Anyway, appearently they also have a online backup/sync software called AVG LiveKive. I was enthusiastic at first and this time I’ve learned not to get ahead of myself and buy a subscription just yet, so I downloaded the 30-day trial version. It looked absolutely perfect, a bit messy GUI but I don’t really care too much about that. It didn’t use all of my memory so all that’s left to do is try it.

Of course, there had to be a catch. When navigating to the “Back Up” tab, you first get the options of backing up Documents, Pictures, Movies etc but I wanted to backup (and sync) other folders so I clicked the “Advanced” tab.  Turns out the performance is incredibly slow when trying to navigate through the folders. Talk about falling at the finishing line. It seems to be an issue when you have a floppy disk. I don’t know the technicalities, but the issue can be described and followed here: Yes it also happens on Windows 7 and they have explicitly told us they won’t (can’t?) fix it.

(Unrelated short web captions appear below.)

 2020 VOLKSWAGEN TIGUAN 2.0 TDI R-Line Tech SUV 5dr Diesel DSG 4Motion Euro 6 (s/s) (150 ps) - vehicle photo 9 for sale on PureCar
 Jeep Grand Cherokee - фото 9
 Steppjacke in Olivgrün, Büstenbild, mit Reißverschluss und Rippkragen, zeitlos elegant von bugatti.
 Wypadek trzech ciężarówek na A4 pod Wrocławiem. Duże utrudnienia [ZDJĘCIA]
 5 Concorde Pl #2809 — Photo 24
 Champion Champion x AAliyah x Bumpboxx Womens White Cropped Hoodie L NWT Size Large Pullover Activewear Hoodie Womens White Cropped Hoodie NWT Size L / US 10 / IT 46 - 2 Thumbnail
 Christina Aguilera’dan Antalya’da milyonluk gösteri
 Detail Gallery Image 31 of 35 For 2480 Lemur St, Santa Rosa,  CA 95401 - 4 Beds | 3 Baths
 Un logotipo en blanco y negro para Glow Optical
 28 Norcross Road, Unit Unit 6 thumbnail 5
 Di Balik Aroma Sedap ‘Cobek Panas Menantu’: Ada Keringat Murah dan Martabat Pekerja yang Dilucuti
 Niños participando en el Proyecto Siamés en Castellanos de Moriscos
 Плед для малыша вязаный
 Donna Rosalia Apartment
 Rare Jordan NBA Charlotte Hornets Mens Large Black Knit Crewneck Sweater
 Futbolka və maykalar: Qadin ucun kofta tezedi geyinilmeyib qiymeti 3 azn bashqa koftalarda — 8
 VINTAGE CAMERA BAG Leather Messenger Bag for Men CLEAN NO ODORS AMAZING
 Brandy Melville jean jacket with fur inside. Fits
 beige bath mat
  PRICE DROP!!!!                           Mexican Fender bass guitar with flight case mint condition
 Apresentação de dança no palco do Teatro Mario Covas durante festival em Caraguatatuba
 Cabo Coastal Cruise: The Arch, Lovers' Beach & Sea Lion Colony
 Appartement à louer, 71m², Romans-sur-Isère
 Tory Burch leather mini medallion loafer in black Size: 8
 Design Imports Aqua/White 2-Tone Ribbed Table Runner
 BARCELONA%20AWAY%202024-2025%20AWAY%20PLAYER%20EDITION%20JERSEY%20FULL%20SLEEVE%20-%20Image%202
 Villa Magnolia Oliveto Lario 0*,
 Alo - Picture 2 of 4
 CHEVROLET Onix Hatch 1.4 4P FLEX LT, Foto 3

It might be seen as a minor inconvinience for some but what if you have a laptop with a built in floppy disk, what then? Moving on then..


I also checked out SkyDrive because according to the Verge comparison article, SkyDrive supported syncing folders outside a designated folder. Turns out they didn’t.


SpiderOak, what can you say? It has none of the shortcomings as the previously tested softwares/services has/had. Basically LiveKive is the same thing (AVG resells SpiderOak), but in SpiderOak the slowdown bug is nonexistant.

Update 14th of May 2012: I’m currently using SpiderOak and I really love everything about the product and their focus on security. The only catch is that their server is located in America, thus being an European my throughput is fairly low and it takes a long time to upload big files.
No matter how much I would prefer to use SpiderOak I might have to look for alternatives as it’s just not practical enough for me.